◆ **GIVEN INFORMATION**
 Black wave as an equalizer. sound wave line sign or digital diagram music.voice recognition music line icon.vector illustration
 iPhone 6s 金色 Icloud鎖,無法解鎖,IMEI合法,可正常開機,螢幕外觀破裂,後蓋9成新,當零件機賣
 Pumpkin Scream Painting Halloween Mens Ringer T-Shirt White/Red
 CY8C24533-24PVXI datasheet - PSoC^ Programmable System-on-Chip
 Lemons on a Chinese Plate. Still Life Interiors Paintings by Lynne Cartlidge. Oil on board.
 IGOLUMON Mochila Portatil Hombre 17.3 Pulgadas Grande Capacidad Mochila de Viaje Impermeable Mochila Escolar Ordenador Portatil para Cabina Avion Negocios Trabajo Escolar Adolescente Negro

---

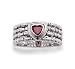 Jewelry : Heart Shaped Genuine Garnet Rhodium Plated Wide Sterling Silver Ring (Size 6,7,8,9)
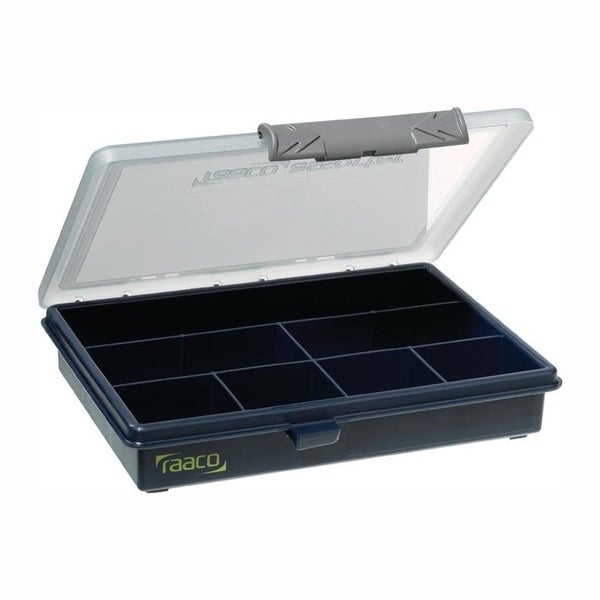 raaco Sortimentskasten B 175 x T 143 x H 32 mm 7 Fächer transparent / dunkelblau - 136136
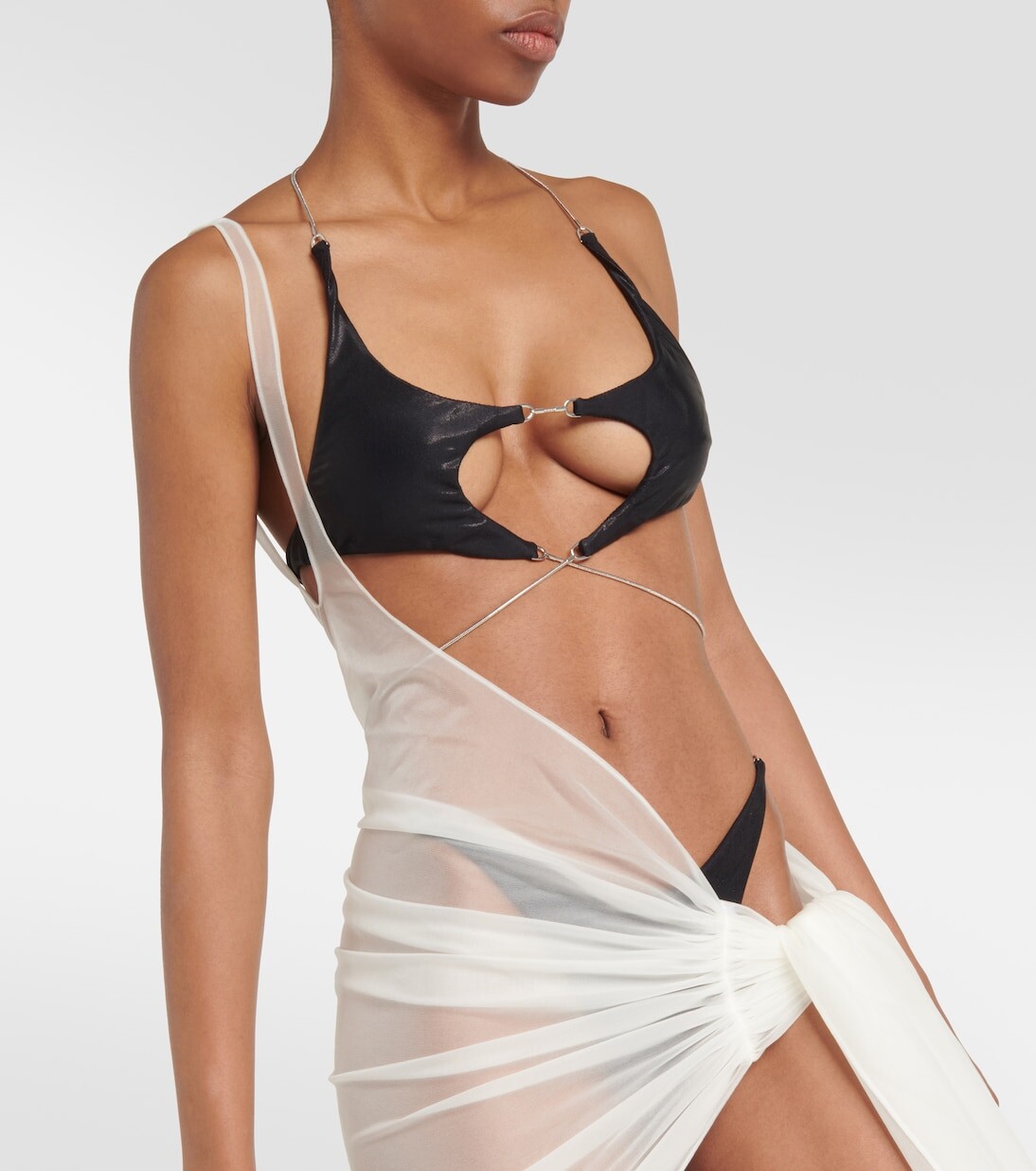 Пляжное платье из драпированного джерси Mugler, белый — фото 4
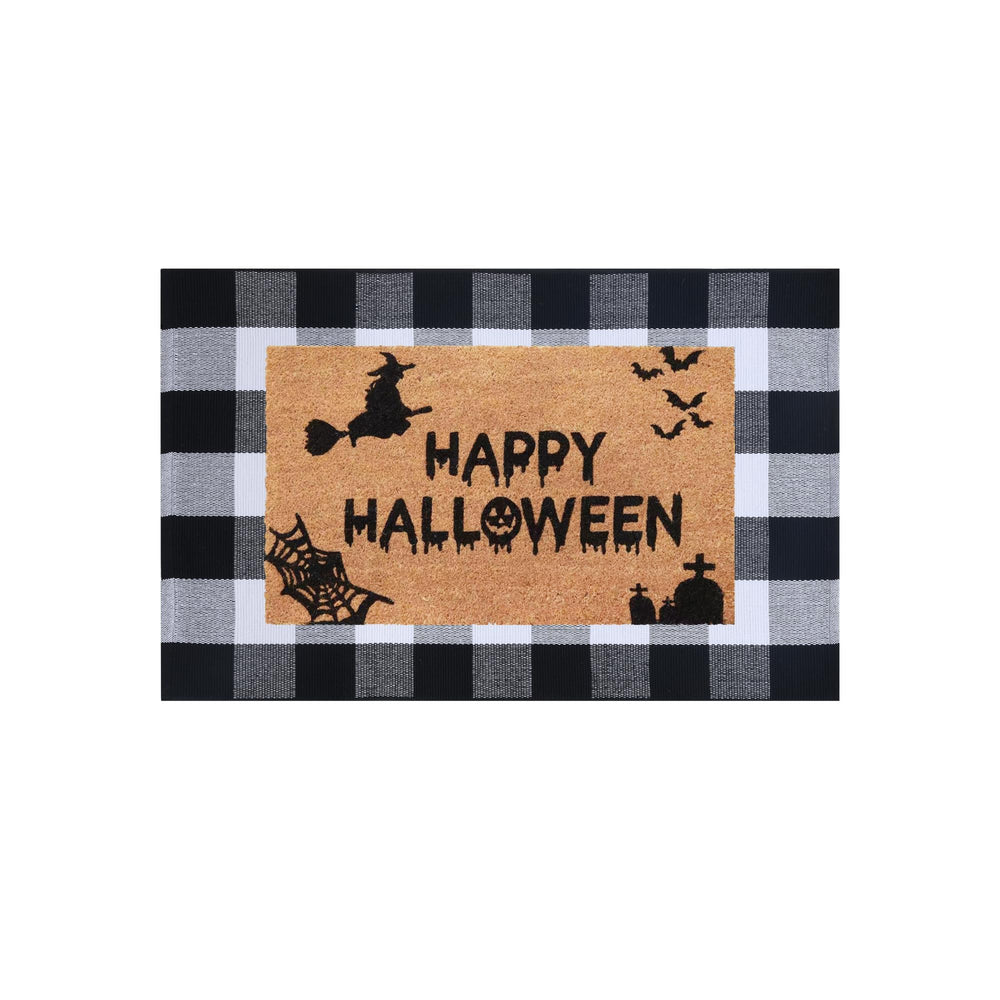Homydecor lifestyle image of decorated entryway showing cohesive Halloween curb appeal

==

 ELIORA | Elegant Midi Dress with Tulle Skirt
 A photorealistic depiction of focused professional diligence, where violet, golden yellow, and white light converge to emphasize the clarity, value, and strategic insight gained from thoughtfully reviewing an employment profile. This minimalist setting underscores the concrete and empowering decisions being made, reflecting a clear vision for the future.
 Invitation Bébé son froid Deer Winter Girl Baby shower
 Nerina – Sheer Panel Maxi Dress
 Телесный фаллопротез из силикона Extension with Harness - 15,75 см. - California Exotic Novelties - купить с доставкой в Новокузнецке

◆ **TASK DIRECTIONS**
Return every line above in which the string "Dress" occurs.

◆ **ANSWER TO THIS PROBLEM**
 ELIORA | Elegant Midi Dress with Tulle Skirt
 Nerina – Sheer Panel Maxi Dress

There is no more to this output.